[Records contained in a dataset]
————
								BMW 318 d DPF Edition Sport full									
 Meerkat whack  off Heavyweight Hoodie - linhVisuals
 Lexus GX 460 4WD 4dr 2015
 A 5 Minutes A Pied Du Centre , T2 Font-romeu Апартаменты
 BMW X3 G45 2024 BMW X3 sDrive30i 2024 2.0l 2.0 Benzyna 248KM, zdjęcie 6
————
* Problem statement: Your task is to reproduce exactly the lines that begin with the one containing "Lexus GX 460 4WD 4dr 2015" and continue to the end of the data, both ends included.

* Output of the task:
 Lexus GX 460 4WD 4dr 2015
 A 5 Minutes A Pied Du Centre , T2 Font-romeu Апартаменты
 BMW X3 G45 2024 BMW X3 sDrive30i 2024 2.0l 2.0 Benzyna 248KM, zdjęcie 6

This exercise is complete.